The girl I was with went to Penn State, so we started talking about those games. I could talk to anyone from a major college telling me about their football experiences. I really regret going to a school with no football team. Two Thanksgivings ago, I almost berated my cousin who went to Florida for how good she had it. I held back because I felt bad for spending half of Thanksgiving dinner texting my brother back and forth as to the quality of education Florida had. We both laughed out loud at the table when someone commented on the difficultly getting into that school was. I think the best line my brother had was, “I could get into UF doing my SATs and application drunk while getting my dick sucked.” I commented back “Bullshit, the hardest part in that is keeping it up for the entire SATs, not the actual application.” And him and I wonder why the rest of our family looks at us weird.
After getting enough in me, thoughts like this started running through my head: “OK Barney, you might have a chance tonight. However, would this help or hurt your chances of her hooking you up with Penn St-Notre Dame tickets that she talked about earlier?” I’m pathetic. I was more concerned with getting hooked up with tickets rather than pussy. And you wonder why I was recently told I’d be 35 and single if I didn’t change. Oh well, that’s nothing some bourbon won’t cure.
Anyway, this was all for naught as our ride back (a couple that she was friends with) decided A) it was a good time to get in a fight and not talk to each other and B) to put a chair in the middle of the backseat. Because plastic chairs are a tremendous aphrodisiac. I’m now getting cock-blocked by inanimate objects. Lovely.
Ok, I think that’s it. I woke up Sunday, decided that I didn’t want to deal with the hangover on Sunday, so I started drinking at 10:30 and put off the hangover til Monday. (that fuck you that you just heard was from my liver).

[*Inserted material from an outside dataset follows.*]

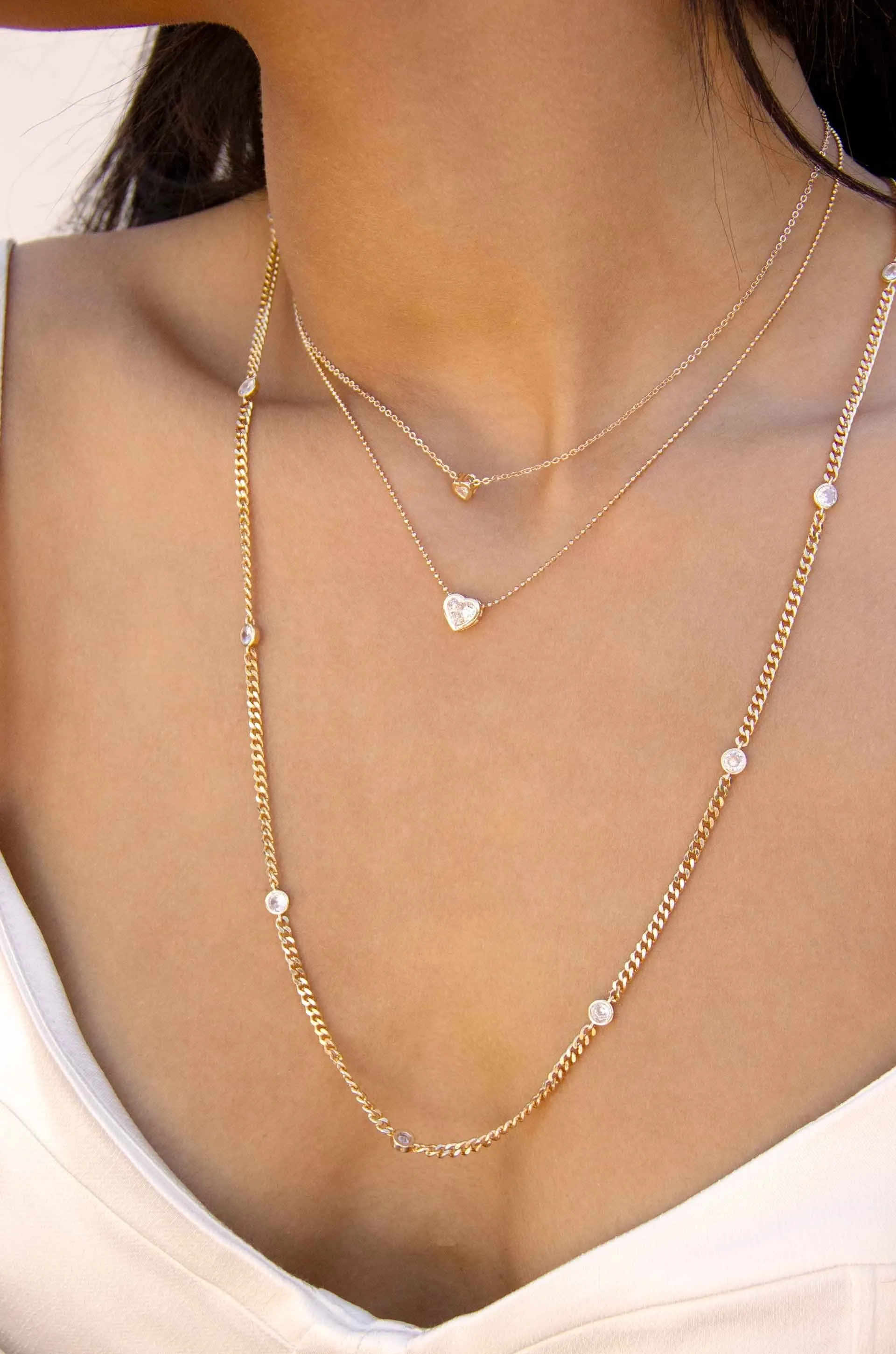 Dainty Chain and Crystal Layered Necklace Set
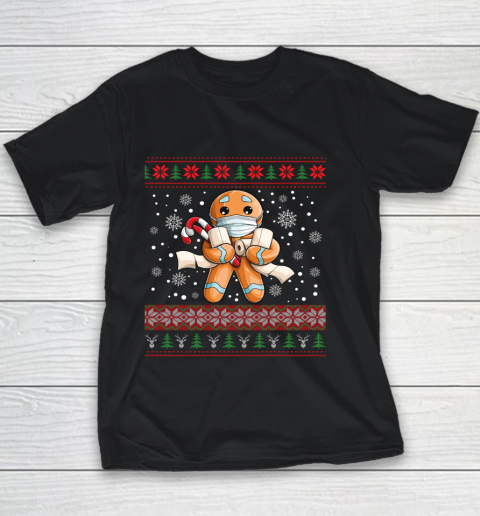 Gingerbread Face Mask Christmas 2020 Quarantine Pajamas Gift Youth T-Shirt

I guess I have to concede that the Free Ookie campaign is done. Since he’s done with the Falcons, I guess I’m going to start pushing my other big idea…that he not play quarterback. Some team should sign him for the minimum and use him how the Jets use Brad Smith. You will not be disappointed. Peter King touched on two things today that made sense. 1. He re-ran his comments after Vick’s playoff game in Green Bay. I remember watching that game thinking I was watching the future of football. Now, it’ll just be a reminder of lost potential. 2. A lot more attention is being paid to Vick than Darrent Williams’s death. Because apparently people care more about cruelty to dogs than humans. And for the record I had the idea of putting him at running back on Sunday and didn’t get it from this article.

I’m not ready to discuss Chad Pennington’s performance on Friday night. Two interceptions for touchdowns had me hitting the bottle even harder on Friday. Please have the regular season start soon so I don’t have to worry about games that don’t matter.

And finally, Steeler fans might have a recent championship and travel all over to support their team, but they have the gayest mascot ever…Steely McBeam:
http://news.steelers.com/article/79593/
That’s the gayest thing since gay went to Gaytown. It reminds me of that time on The Simpsons where Homer finds out that the whole steel industry is gay. I wish I hadn’t been too drunk to remember finding out about ol’ Steely last week. I would have gotten my ass kicked but laughed my ass off. I feel almost redeemed from the playoff loss a few years ago.